Work with iterators, and this problem goes away!
e.g.
for(auto it = photons.begin(); it != photons.end();)
{
if (useless)
it = photons.erase(it);
else
++it;
}
There are other ways using algorithms (such as remove_if and erase etc.), but above is clearest...
the elegant way would be:
std::vector<Photon> photons = source->emitPhotons();
photons.erase(
std::remove_if(photons.begin(), photons.end(), isUseless),
photons.end());
and:
bool isUseless(const Photon& photon) { /* whatever */ }
The proper version will look like:
for (vector<Photon>::iterator i=photons.begin(); i!=photons.end(); /*note, how the advance of i is made below*/) {
bool useless = false;
// process photon, set useless to true for some
// remove useless photons
if (useless) {
i = photons.erase(i);
} else {
++i;
}
}
You should work with stl::list in this case. Quoting the STL docs:
Lists have the important property that insertion and splicing do not invalidate iterators to list elements, and that even removal invalidates only the iterators that point to the elements that are removed.
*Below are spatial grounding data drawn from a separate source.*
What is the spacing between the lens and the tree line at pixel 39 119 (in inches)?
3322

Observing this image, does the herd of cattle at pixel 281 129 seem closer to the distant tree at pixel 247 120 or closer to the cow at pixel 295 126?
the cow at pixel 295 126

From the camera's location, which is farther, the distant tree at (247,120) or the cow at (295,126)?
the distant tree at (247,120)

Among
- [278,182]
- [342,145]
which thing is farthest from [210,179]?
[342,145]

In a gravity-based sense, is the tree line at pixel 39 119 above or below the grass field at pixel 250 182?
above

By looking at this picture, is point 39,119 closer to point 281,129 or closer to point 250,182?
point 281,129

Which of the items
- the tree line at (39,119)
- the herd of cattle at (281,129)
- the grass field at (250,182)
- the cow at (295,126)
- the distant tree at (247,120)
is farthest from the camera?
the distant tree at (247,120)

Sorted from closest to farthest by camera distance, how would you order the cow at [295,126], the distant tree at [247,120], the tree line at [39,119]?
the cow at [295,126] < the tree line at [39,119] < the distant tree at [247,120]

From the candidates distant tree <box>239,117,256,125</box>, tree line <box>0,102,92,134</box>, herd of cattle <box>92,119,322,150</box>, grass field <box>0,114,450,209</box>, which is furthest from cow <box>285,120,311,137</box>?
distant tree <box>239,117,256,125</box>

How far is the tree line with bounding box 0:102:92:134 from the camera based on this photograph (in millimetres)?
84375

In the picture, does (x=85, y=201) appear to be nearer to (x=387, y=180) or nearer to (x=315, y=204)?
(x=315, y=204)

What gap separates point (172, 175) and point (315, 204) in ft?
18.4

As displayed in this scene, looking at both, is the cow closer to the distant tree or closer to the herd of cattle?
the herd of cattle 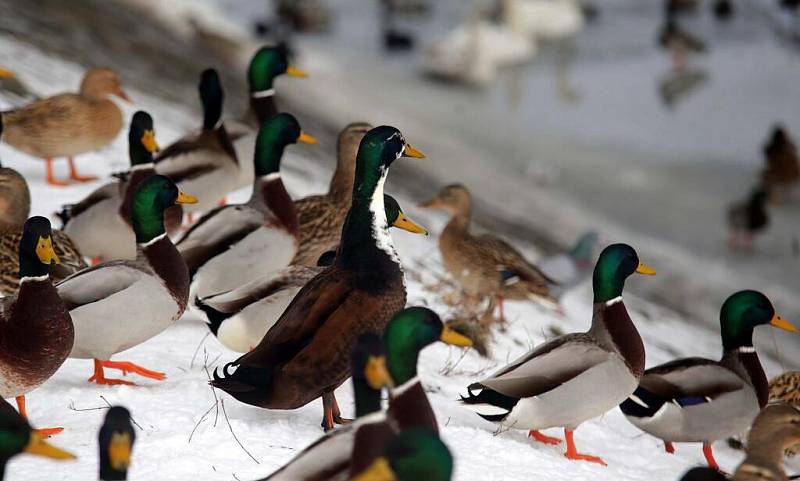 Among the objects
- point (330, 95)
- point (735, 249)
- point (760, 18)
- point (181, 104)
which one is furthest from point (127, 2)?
point (760, 18)

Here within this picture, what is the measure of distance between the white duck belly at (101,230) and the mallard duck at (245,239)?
1.64 ft

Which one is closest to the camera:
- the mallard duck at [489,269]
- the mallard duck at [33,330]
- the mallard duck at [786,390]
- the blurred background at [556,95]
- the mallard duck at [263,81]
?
the mallard duck at [33,330]

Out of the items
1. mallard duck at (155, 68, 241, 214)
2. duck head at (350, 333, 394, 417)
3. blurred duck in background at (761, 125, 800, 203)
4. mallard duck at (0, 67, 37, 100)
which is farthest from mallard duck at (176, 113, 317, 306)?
blurred duck in background at (761, 125, 800, 203)

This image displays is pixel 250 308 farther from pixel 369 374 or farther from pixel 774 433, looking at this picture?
pixel 774 433

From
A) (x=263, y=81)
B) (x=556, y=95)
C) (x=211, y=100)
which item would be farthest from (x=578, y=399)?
(x=556, y=95)

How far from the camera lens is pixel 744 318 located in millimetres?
4941

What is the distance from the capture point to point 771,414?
402 centimetres

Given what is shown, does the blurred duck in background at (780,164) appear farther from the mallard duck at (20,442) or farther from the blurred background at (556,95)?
Result: the mallard duck at (20,442)

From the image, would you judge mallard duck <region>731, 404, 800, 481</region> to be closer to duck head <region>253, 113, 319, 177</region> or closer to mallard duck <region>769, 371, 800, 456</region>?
mallard duck <region>769, 371, 800, 456</region>

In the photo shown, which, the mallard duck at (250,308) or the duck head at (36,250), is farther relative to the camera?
the mallard duck at (250,308)

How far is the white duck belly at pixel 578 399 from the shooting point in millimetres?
4273

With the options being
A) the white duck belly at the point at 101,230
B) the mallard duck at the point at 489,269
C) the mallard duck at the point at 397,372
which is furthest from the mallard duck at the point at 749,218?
the mallard duck at the point at 397,372

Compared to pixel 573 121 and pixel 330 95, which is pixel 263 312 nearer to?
pixel 330 95

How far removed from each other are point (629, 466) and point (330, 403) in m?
1.19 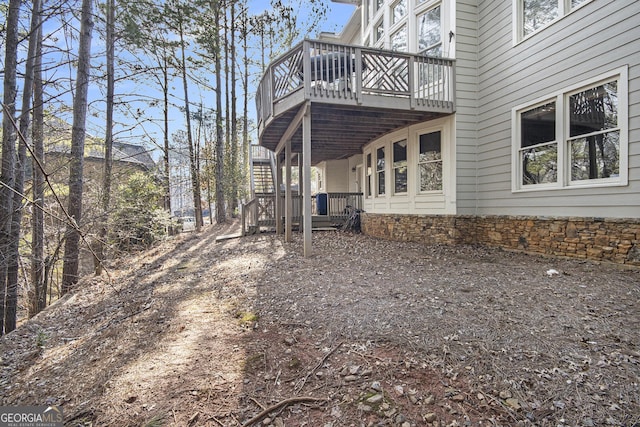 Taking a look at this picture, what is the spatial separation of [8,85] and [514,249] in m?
9.39

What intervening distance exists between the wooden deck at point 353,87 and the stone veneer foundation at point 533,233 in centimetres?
258

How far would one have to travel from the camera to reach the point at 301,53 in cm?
577

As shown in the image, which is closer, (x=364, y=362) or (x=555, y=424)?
(x=555, y=424)

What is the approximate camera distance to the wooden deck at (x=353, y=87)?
5.80 m

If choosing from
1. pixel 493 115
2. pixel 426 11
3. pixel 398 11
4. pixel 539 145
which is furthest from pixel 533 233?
pixel 398 11

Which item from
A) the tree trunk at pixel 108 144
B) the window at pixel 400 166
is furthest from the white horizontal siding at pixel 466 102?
the tree trunk at pixel 108 144

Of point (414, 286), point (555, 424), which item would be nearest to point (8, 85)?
point (414, 286)

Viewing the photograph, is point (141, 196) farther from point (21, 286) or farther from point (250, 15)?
point (250, 15)

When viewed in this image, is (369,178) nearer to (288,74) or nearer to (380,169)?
(380,169)

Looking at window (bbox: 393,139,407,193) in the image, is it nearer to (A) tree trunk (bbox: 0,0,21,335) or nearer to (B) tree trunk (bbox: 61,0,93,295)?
(B) tree trunk (bbox: 61,0,93,295)

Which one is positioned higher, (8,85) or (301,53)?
(301,53)

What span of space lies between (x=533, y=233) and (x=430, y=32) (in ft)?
17.8

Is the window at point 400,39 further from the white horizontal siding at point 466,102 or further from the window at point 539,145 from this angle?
the window at point 539,145

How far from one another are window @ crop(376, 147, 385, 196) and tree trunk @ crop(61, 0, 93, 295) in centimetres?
750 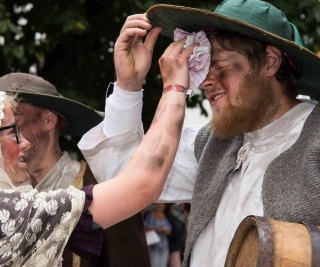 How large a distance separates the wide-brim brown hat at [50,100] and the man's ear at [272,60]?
4.78ft

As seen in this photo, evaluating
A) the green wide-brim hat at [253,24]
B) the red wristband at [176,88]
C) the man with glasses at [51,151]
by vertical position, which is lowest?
the man with glasses at [51,151]

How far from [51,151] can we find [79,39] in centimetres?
290

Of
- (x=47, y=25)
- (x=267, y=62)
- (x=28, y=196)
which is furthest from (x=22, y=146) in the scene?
(x=47, y=25)

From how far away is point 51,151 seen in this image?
15.6 feet

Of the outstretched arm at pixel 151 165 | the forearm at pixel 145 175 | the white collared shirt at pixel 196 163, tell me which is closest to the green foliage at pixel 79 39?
the white collared shirt at pixel 196 163

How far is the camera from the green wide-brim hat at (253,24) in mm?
3303

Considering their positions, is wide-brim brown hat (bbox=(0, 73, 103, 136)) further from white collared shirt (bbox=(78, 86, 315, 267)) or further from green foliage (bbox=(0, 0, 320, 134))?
green foliage (bbox=(0, 0, 320, 134))

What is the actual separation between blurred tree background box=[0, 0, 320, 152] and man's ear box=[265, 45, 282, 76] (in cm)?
296

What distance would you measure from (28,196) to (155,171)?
49 cm

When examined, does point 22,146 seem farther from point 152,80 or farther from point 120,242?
point 152,80

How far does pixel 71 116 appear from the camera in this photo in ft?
16.2

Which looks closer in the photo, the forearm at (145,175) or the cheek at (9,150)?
the forearm at (145,175)

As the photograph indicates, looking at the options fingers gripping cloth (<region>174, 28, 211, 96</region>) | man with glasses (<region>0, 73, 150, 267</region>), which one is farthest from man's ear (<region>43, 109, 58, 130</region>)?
fingers gripping cloth (<region>174, 28, 211, 96</region>)

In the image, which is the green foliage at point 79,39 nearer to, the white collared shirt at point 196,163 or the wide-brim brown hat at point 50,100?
the wide-brim brown hat at point 50,100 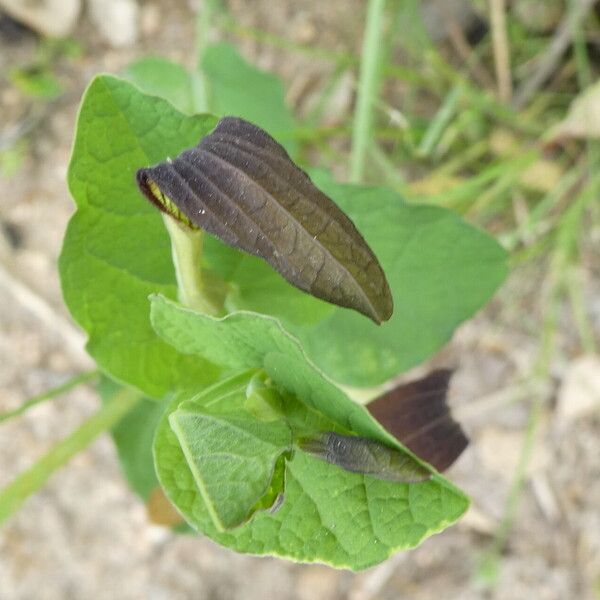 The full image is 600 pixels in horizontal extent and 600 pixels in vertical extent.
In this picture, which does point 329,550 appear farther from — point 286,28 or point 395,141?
point 286,28

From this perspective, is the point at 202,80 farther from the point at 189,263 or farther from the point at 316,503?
the point at 316,503

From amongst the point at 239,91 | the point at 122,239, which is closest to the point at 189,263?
the point at 122,239

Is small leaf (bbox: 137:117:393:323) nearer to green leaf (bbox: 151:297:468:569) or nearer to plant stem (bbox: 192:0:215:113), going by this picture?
green leaf (bbox: 151:297:468:569)

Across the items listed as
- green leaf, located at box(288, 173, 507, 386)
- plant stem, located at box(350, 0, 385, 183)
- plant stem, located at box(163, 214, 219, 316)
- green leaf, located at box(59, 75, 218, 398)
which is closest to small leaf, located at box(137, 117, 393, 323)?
plant stem, located at box(163, 214, 219, 316)

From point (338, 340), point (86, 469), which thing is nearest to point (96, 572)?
point (86, 469)

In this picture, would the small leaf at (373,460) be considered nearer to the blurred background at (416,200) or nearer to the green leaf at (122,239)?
the green leaf at (122,239)

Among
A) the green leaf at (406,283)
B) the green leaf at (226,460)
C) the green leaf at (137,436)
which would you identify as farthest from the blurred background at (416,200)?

So this would go along the lines of:
std::list<Photon> photons;
photons = source->emitPhotons();
std::list<Photon>::iterator i;
for(i=photons.begin();i!=photons.end();++i)
{
bool useless=false;
if(useless)
photons.erase(i);
}
Erasing elements in the middle of a vector is very inefficient ... the rest of the elements need to be "shifted" back one slot in order to fill-in the "empty" slot in the vector created by the call to erase. If you need to erase elements in the middle of a list-type data-structure without incurring such a penalty, and you don't need O(1) random access time (i.e., you're just trying to store your elements in a list that you'll copy or use somewhere else later, and you always iterate through the list rather than randomly accessing it), you should look into std::list which uses an underlying linked-list for its implementation, giving it O(1) complexity for modifications to the list like insert/delete.